## ASSIGNMENT
Without including any images, output the listing below exactly.
=-=-=
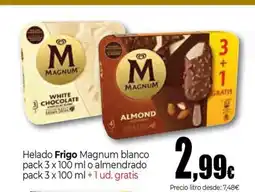 Unide Market MAGNUM Helado blanco oferta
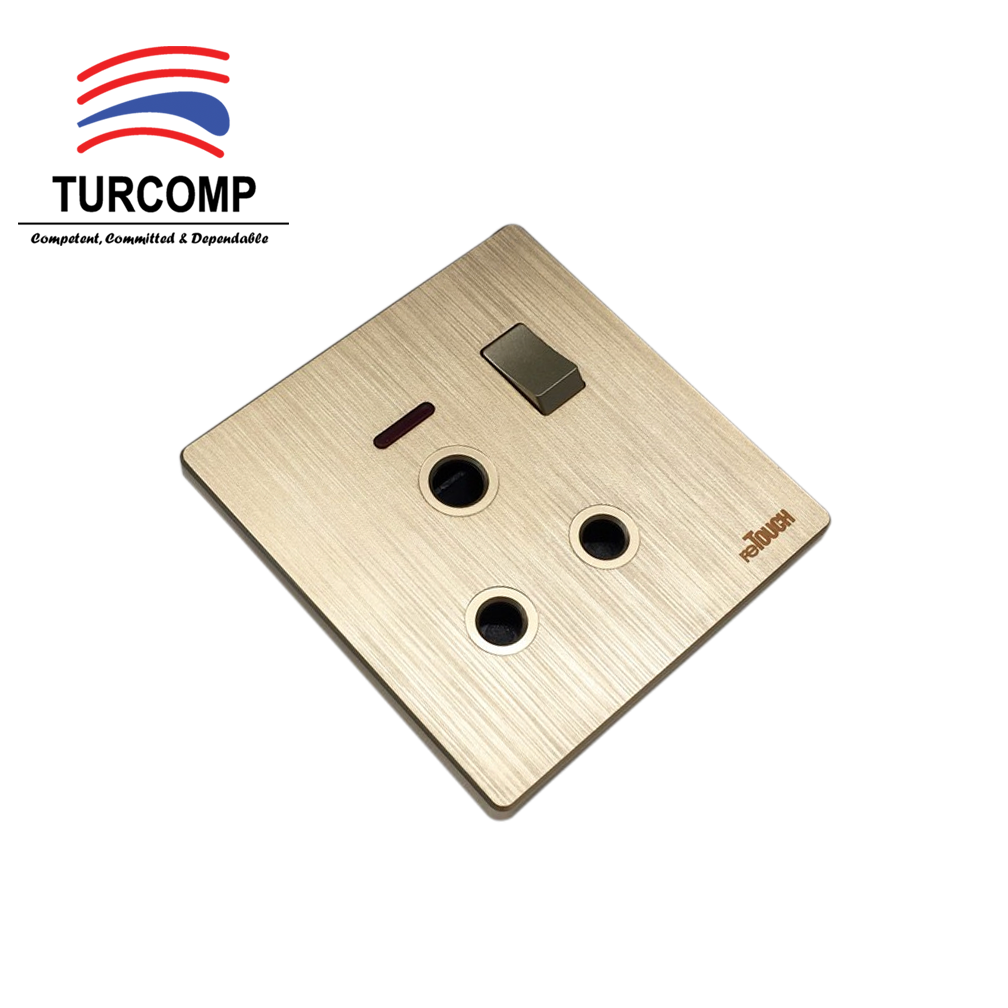 reTouch Ultra Rimless Socket 15A with NEON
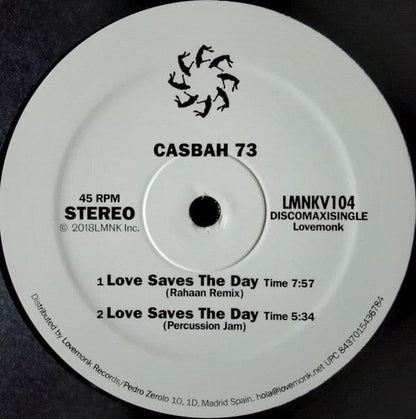 Casbah 73 - Love Saves The Day (12", Maxi) Lovemonk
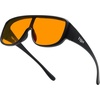 image:imageTIJN Blue Light Blocking Fit Over Glasses for Men Women Dual AR Coating Oversized Aviator Frame for Computer Gaming ScreenBlack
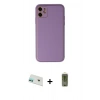MARSİLYAN™- iPhone 12 Kılıf Yadigar Klasik - Siyah Joko Magic 5D Hayalet Cam + Yeşil Rainbow Kamera Lens Koruma Cam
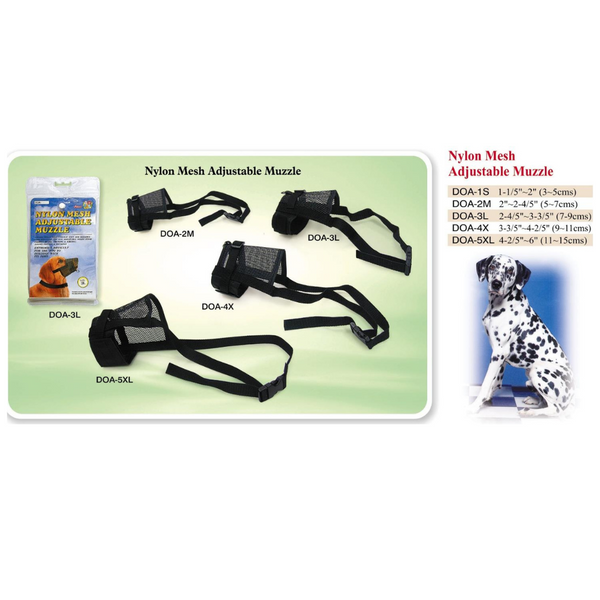 Muzzle - Nylon m. DOA-1S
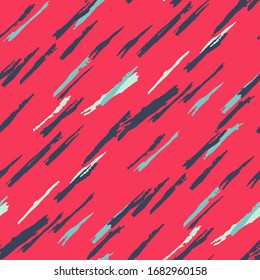 Grunge Background with Stripes. Abstract Scratched Texture with Ragged Brushstrokes. Scribbled Grunge Rapport for Dress, Paper, Tablecloth. Trendy Vector Background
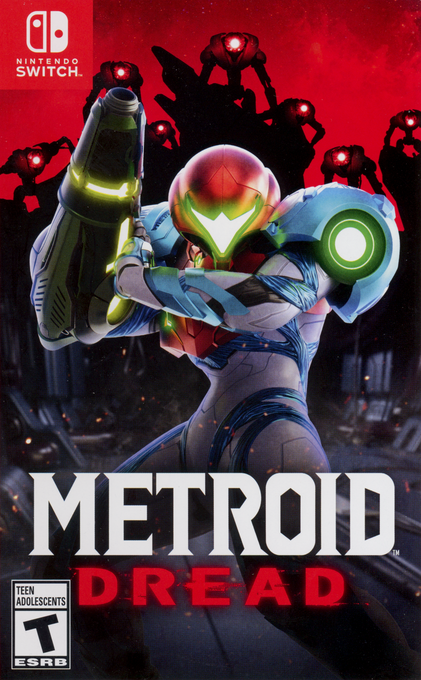 Metroid Dread box art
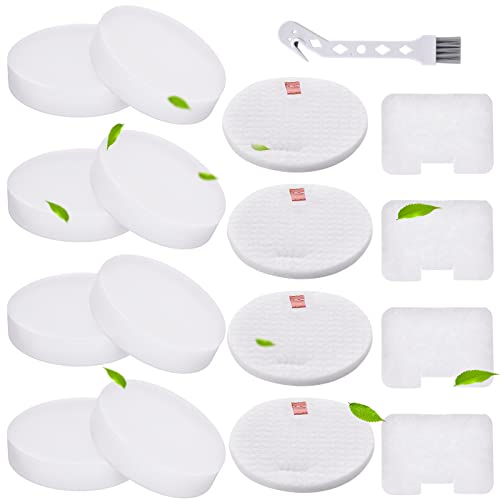 Erinice Filter Replacement for Shark Navigator Swivel Upright Vacuum NV22 NV22L NV22S NV26 NV27 UV400 Part, 8 Foam + 4 Felt Circular & Exhaust Filters Kit, Compare to Part # XF22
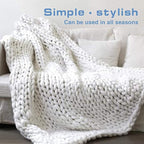 Chunky Knit Blanket,Chunky Knit Throw In Natural,Cosy Throw Blankets,Handmade Chunky Knit Blanket,Beautiful Home Decor Throw,for Bedroom,Living Room,Yoga Mat Rug ( Color : Beige , Size : 150x200cm )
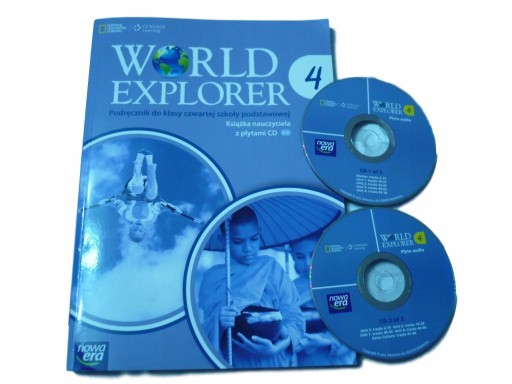 Nowa Era Sprawdzian Trzecioklasisty 2015 World explorer 4 książka nauczyciela Testy CD 2015 Praca zbiorowa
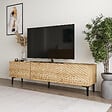 HABITAT ET JARDIN - Meuble TV en bois "Felix" 160 x 31,4 x 44,1 cm - Chêne saphir - vignette
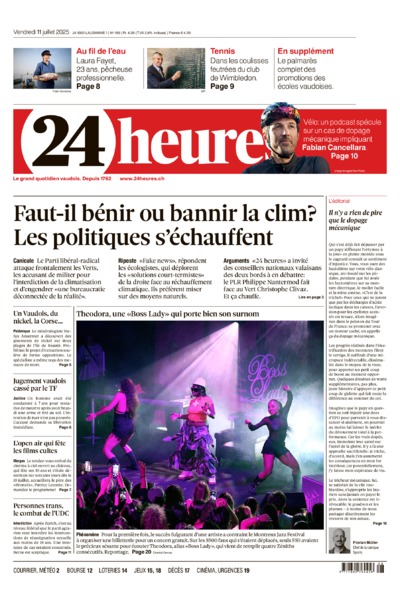 Dernière édition du journal 24 heures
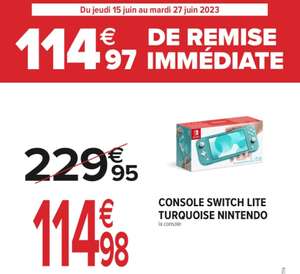 Console Nintendo Switch Lite Bleue Turquoise (Villers-Bocage 14)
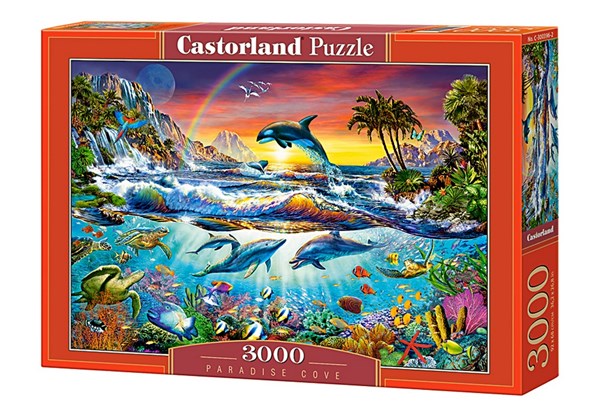 Castorland (C-300396) - "Paradise Cove" - 3000 piezas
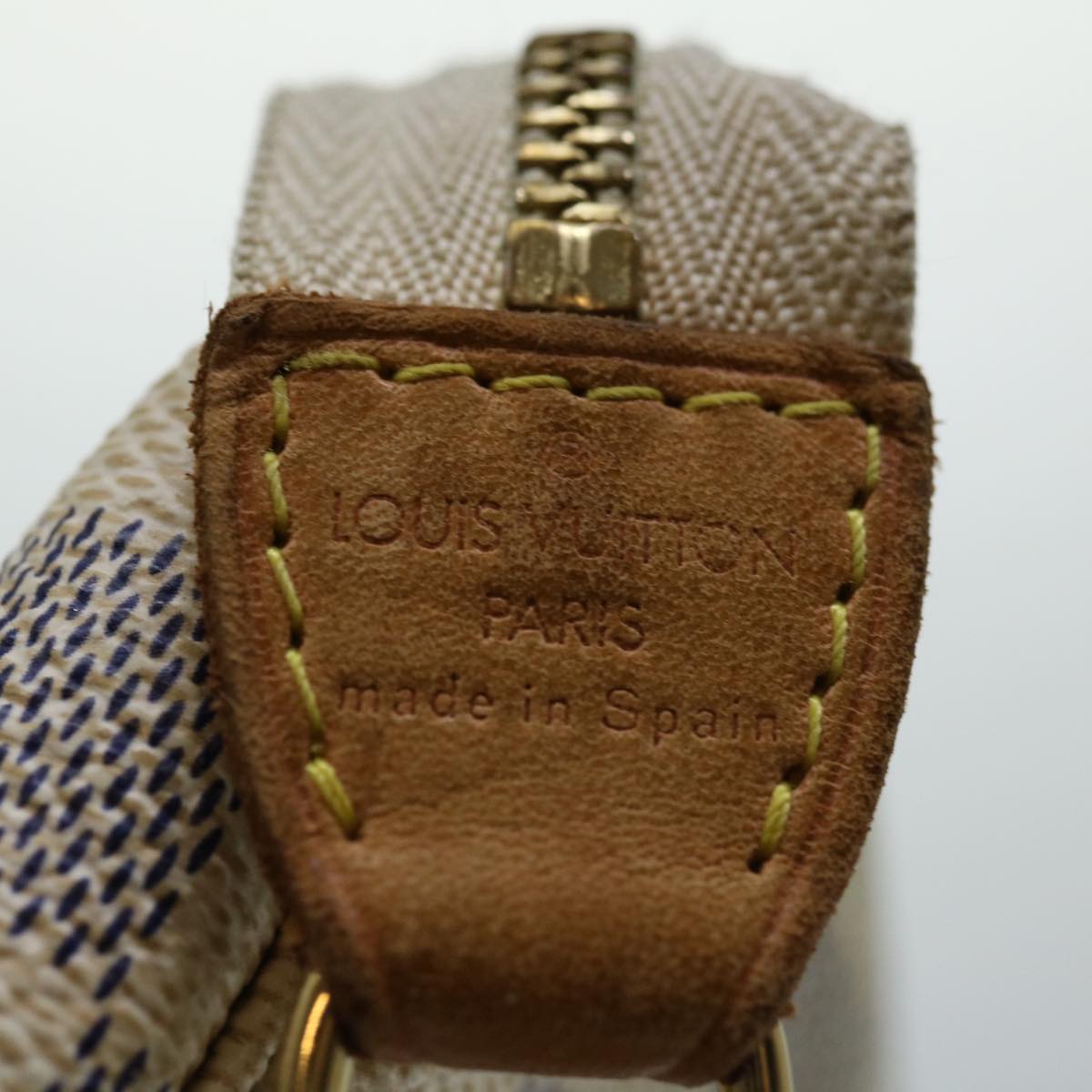 LOUIS VUITTON Damier Azur Pochette Accessoires Pouch N51986 LV Auth 66982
=-=-=
## EXERCISE SOLUTION
 Unide Market MAGNUM Helado blanco oferta
 reTouch Ultra Rimless Socket 15A with NEON
 Casbah 73 - Love Saves The Day (12", Maxi) Lovemonk
 image:imageTIJN Blue Light Blocking Fit Over Glasses for Men Women Dual AR Coating Oversized Aviator Frame for Computer Gaming ScreenBlack
MARSİLYAN™- iPhone 12 Kılıf Yadigar Klasik - Siyah Joko Magic 5D Hayalet Cam + Yeşil Rainbow Kamera Lens Koruma Cam
 Muzzle - Nylon m. DOA-1S
 Grunge Background with Stripes. Abstract Scratched Texture with Ragged Brushstrokes. Scribbled Grunge Rapport for Dress, Paper, Tablecloth. Trendy Vector Background
 Metroid Dread box art
 Erinice Filter Replacement for Shark Navigator Swivel Upright Vacuum NV22 NV22L NV22S NV26 NV27 UV400 Part, 8 Foam + 4 Felt Circular & Exhaust Filters Kit, Compare to Part # XF22
 Chunky Knit Blanket,Chunky Knit Throw In Natural,Cosy Throw Blankets,Handmade Chunky Knit Blanket,Beautiful Home Decor Throw,for Bedroom,Living Room,Yoga Mat Rug ( Color : Beige , Size : 150x200cm )
 Nowa Era Sprawdzian Trzecioklasisty 2015 World explorer 4 książka nauczyciela Testy CD 2015 Praca zbiorowa
 HABITAT ET JARDIN - Meuble TV en bois "Felix" 160 x 31,4 x 44,1 cm - Chêne saphir - vignette
 Dernière édition du journal 24 heures
 Console Nintendo Switch Lite Bleue Turquoise (Villers-Bocage 14)
 Castorland (C-300396) - "Paradise Cove" - 3000 piezas
 LOUIS VUITTON Damier Azur Pochette Accessoires Pouch N51986 LV Auth 66982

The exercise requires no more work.